We are also proud of achieving robust obstacle detection in snowy environments, where many objects share similar colors and textures. Our system is able to accurately distinguish hazards such as trees, fences, and poles from the background, enabling more dependable performance in real-world conditions.

Another highlight is the integration of Gemini for high-level reasoning. Instead of presenting raw detections, our system interprets the scene and generates concise, actionable insights, effectively bridging the gap between computer vision and real-world decision-making.

Finally, we are proud of demonstrating a drone-assisted perception system, where an external aerial view enhances situational awareness. This approach expands beyond traditional single-camera setups and showcases how combining drones with AI can unlock new possibilities for real-time guidance in complex environments.

What we learned

Through this project, we learned that real-world AI systems are not just about model accuracy, but about building robust, end-to-end pipelines. Handling video data required us to move beyond single-frame detection and consider temporal aspects such as consistency across frames, stability under motion, and seamless integration between different components. Ensuring that detection results remained reliable over time proved just as important as improving raw model performance.

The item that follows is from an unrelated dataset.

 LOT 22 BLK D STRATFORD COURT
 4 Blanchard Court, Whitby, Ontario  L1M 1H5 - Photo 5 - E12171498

We also realized the importance of high-quality, domain-specific data. Pre-trained models alone were not sufficient for snowy environments, where many objects share similar colors and textures, making detection more challenging. By investing in careful data annotation and creating a ski-specific dataset, we were able to significantly improve the model’s ability to distinguish meaningful obstacles from the background.

Another key takeaway was the value of combining perception with reasoning. Raw detections alone are not sufficient for real-world use, users need clear, actionable insights. By integrating Gemini, we transformed structured detection outputs into meaningful safety guidance, enabling the system to interpret context rather than simply report objects. This demonstrated how AI can move from merely “seeing” a scene to actually understanding and responding to it in a useful way.

Finally, we learned how to integrate multiple tools into a cohesive system. Bringing together Roboflow workflows for detection, OpenCV for video processing, and Vertex AI for reasoning required careful design of data flow, interfaces, and system architecture. This process taught us how to build scalable, modular AI pipelines, where each component serves a clear role while working seamlessly as part of a larger system. Together, these insights reinforced that strong AI systems depend not only on models, but on the quality of data and the design of the overall system.

What's next for EVA

Looking ahead, we aim to bring EVA closer to real-world use by integrating it with AR-enabled ski goggles, allowing AI-generated insights to be projected directly into the skier’s field of view. This would enable users to identify hazards instantly without looking away from their path.

Beyond skiing, we envision expanding EVA into a general-purpose aerial perception system powered by drones. With real-time vision and AI reasoning, drones could assist in a wide range of scenarios, such as guiding visually impaired individuals, performing safety patrol and monitoring in complex environments, and supporting search-and-rescue operations.

More broadly, EVA represents a step toward AI systems that actively interpret and interact with the physical world, bridging perception and decision-making. We hope to continue improving its accuracy, real-time performance, and adaptability across different environments and applications.